After locating the line with "La joie des" in the entries below, set down exactly that line and each one after it to the end, skipping pictures.

___ Exercise material ___

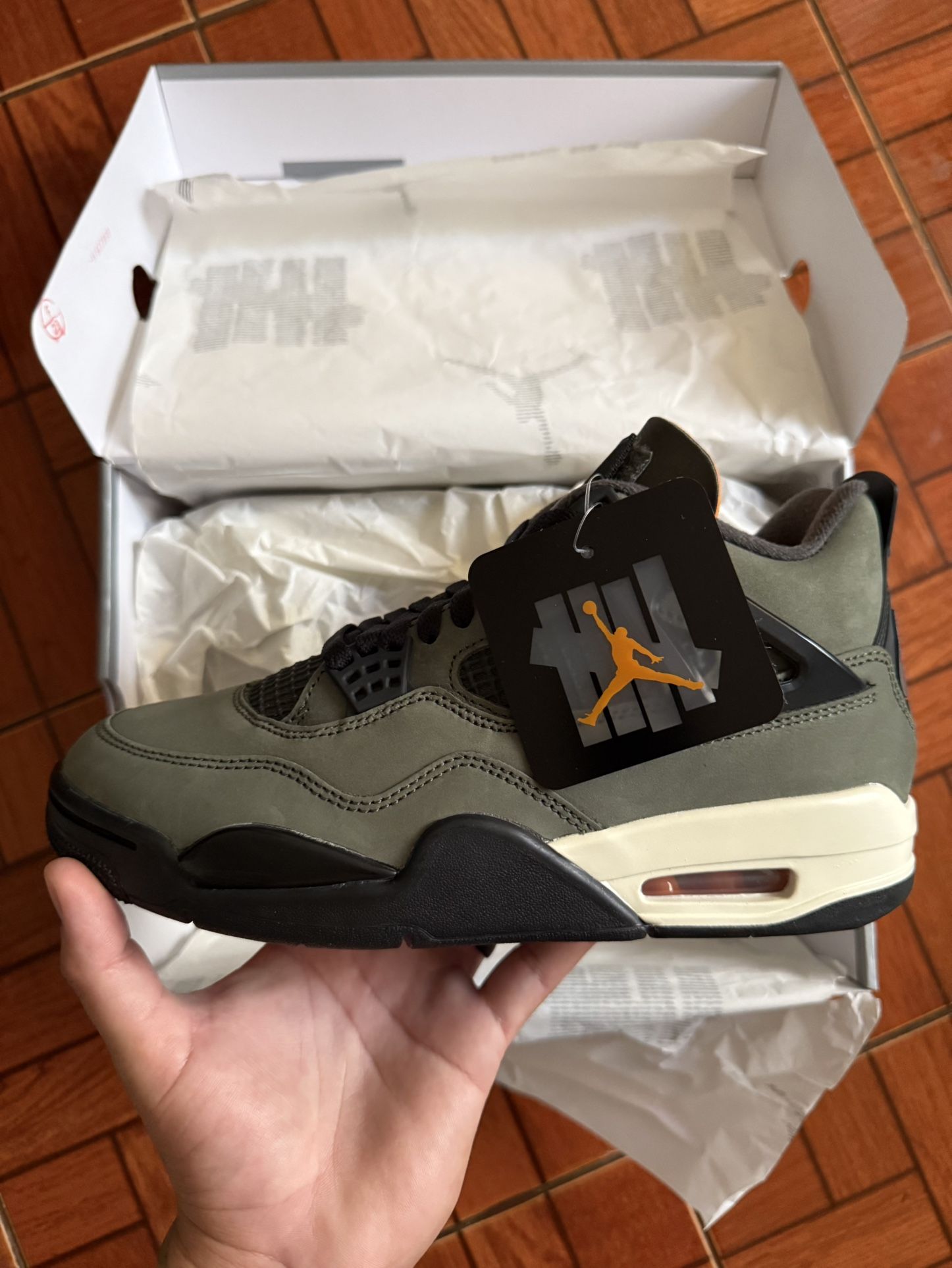 Undefeated x Air Jordan 4 Retro 2025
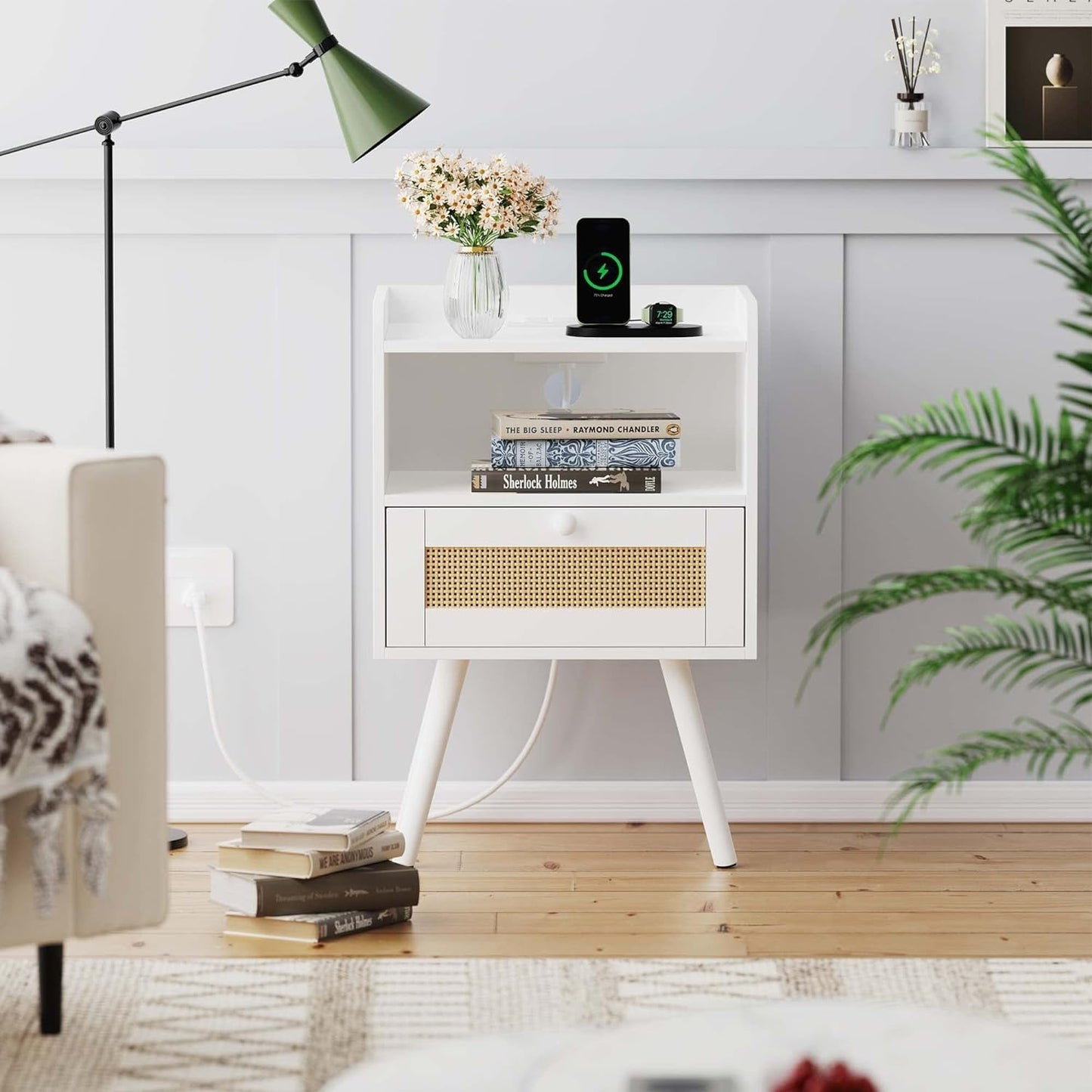 SUPERJARE Nightstands Set of 2, Night Stands with Charging Station & PE Rattan Decor Drawer, Bed Side Tables with Solid Wood Feet, End Table, for Bedroom, Living Room - Natural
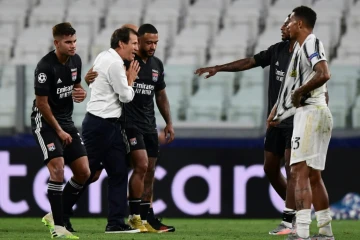 La joie des Lyonnais et de leur entraîneur Rudi Garcia après la qualification pour les quarts de finale de la Ligue des champions aux dépens de la Juventus, le 7 août 2020 à Turin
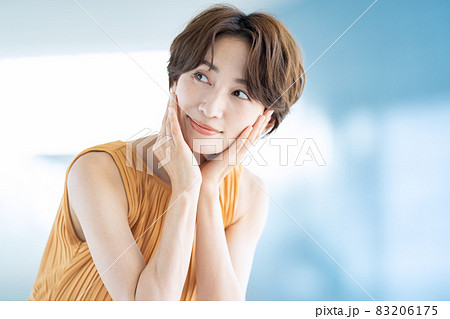 女性 ビューティー 美容 ミドル スキンケア 女性 ビューティー 美容 ミドル スキンケア 83206175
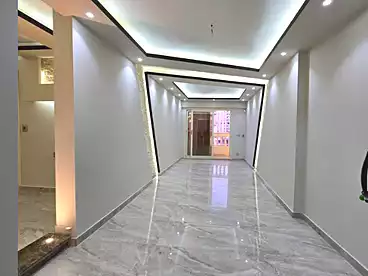 شقق للبيع - 3 غرف - بالدور 15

___

• _Exercise output_
 La joie des Lyonnais et de leur entraîneur Rudi Garcia après la qualification pour les quarts de finale de la Ligue des champions aux dépens de la Juventus, le 7 août 2020 à Turin
 女性 ビューティー 美容 ミドル スキンケア 女性 ビューティー 美容 ミドル スキンケア 83206175
 شقق للبيع - 3 غرف - بالدور 15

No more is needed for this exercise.